1 (16 oz.) package macaroni, (I use jumbo) 
4 to 5 large carrots, scraped and grated 
1 lg. onion, chopped 
1 lg. green pepper, chopped 

2 c. mayonnaise 
1 (14 oz.) can sweetened condensed milk 
1/2 c. sugar 
1/2 c. white vinegar 
salt and pepper to taste 

Cook macaroni according to package directions; drain. Rinse with cold water; drain well. Combine macaroni, carrot, onion, and green pepper in a large bowl; toss gently, and set aside. 

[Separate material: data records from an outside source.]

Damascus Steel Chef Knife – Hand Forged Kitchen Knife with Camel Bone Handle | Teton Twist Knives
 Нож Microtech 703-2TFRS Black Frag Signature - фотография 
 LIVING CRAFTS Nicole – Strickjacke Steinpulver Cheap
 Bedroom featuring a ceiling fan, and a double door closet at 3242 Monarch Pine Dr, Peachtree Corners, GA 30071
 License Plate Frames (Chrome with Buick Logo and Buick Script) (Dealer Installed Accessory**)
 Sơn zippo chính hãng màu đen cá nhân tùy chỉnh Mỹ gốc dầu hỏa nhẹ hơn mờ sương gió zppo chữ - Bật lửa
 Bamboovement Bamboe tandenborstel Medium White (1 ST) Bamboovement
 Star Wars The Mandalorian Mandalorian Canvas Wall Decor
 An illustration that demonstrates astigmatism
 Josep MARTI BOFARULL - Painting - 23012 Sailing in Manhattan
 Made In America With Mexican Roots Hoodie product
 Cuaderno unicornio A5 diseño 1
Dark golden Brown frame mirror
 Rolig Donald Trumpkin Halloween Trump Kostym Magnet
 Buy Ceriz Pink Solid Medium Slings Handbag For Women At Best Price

Combine mayo and remaining ingredients in a small bowl; stir well. Pour dressing over macaroni mixture; toss gently to combine. Cover and chill 8 hours (mixture will thicken as it chills).


----------



## cats (Jul 23, 2005)

Raine - Your recipe is very similar to the way I make my macaroi salad, however, I've never added the sweetened condensed milk. My husbands Mom, when she made this salad, also used to add some crisply fried crumbled bacon to the mix and I now always make mine that way as well. Don't forget fresh tomatoes either. Additionally, I combine all the ingredients together in a large bowl, mix well, and at the last step add the cooked pasta.  I like to use either shells or elbow pasta.


----------